Group (cluster) randomized trials (e.g. school and workplace settings)
From ICE Primer: A Tobacco Control Research Methodology Primer
In randomized clinical trials of a therapeutic intervention such as a drug, individual subjects are randomized to different conditions. For non-therapeutic interventions that are delivered in schools (school-based studies), workplaces (workplace studies), medical practices (clinical interventions , or entire communities (community interventions) etc., the randomization of intact clusters of subjects to conditions may be required for several reasons, both practical and scientific. These reasons include:
- possible contamination of treatment conditions if individuals within the cluster talk to one another
- possible contamination of treatment conditions if the same provider is responsible for delivering both the intervention and the control condition
- the method of delivering the intervention may require all subjects in a physical location (e.g. clasroom or clinic) to receive the same intervention
- delivery of intervention to intact clusters minimizes confusion within organizations
- if the intervention is eventually to be delivered at the level of the cluster, the results of a group randomized trial will be more generalized
- possibility of studying the effects of factors at the cluster level, as well as at the level of the individual, on the response
- possibility of looking at interaction of cluster-level factors and the intervention
There are several consequences of randomizing intact clusters for both the design and the analysis of a group randomized trial. Responses from individuals in intact groups may be similar to each other, but different from responses from individuals in other groups. For example, there may be underlying factors related to the response that are similar within a cluster but different between clusters (e.g. income); individuals within a cluster may communicate; there may be a provider effect so that individuals taught by the same provider may respond similarly, etc. Whatever the reason, the consequence is that the individuals within a cluster should not be treated as independent subjects. This has implications both for sample size calculations and for the application of statistical methods (e.g. multi variant regression analysis, logistic regression analysis) since standard methods in both cases generally assume observations are independent from subject-to-subject. Sample size calculations will need to take into consideration the degree of intra-class correlation between subjects within clusters, and the resulting sample sizes will generally be larger than those required for a standard randomized clinical trial of a therapeutic intervention. In general, using more clusters with fewer subjects per cluster will be more efficient than fewer clusters with more subjects per cluster.
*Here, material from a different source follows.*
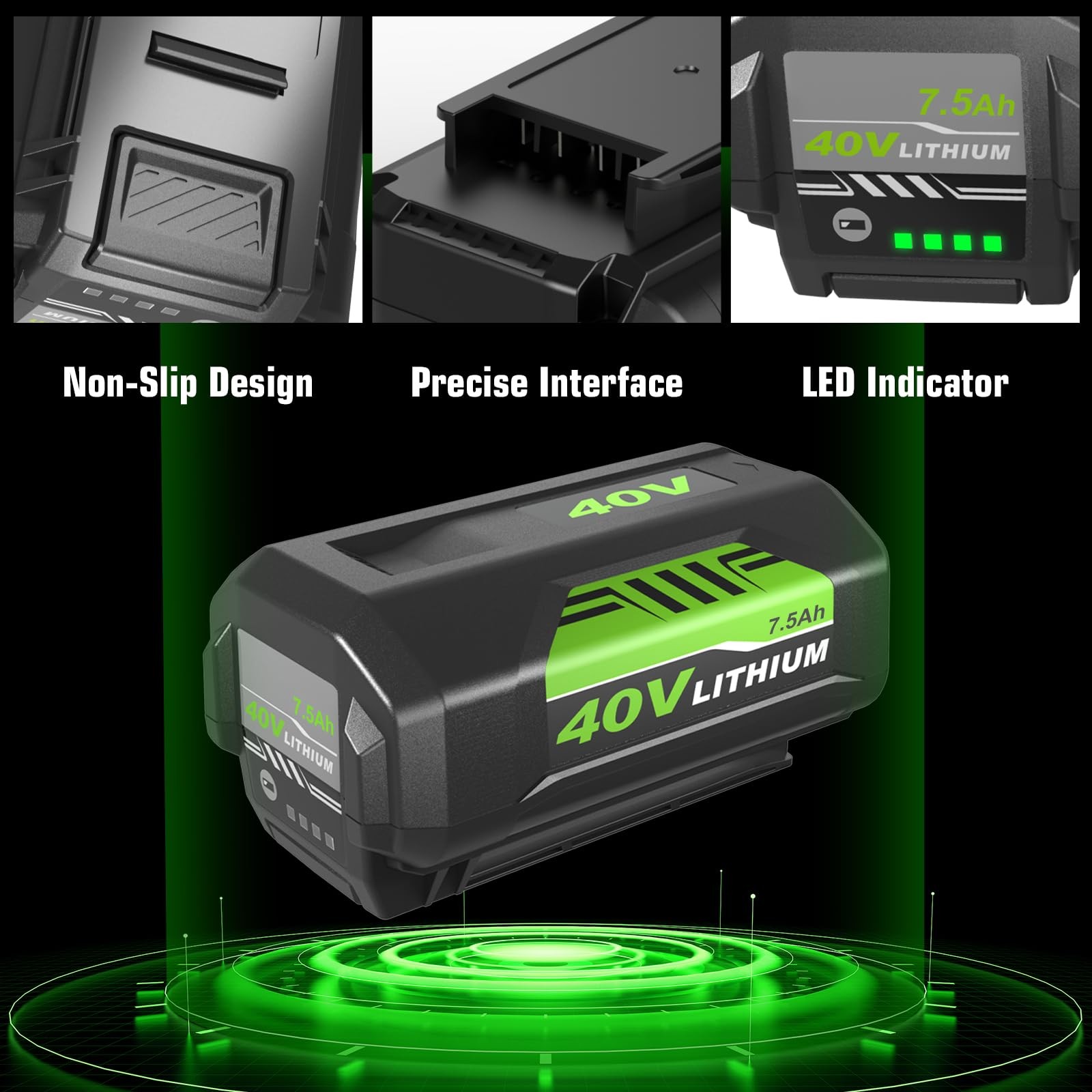 7500mAh 40V Lithium Battery for Ryobi Cordless Tools Green OP401 OP40401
Analysis methods likewise need to account for this within cluster correlation. If ignored, the resulting standard errors for estimates of the treatment effect will be too small, and the significance of treatment effects will be overestimated. Methods designed to deal with correlated responses (e.g. multi-level modeling, generalized estimating equations) will need to be employed.
Missing data can occur at the subject level due to subject drop out or loss to follow-up, or at the cluster level if a school or other setting withdraws from the study. In adjusting for subject drop out, the within cluster correlation should be considered. Cluster-level drop-out could greatly reduce the number of subjects available for analysis.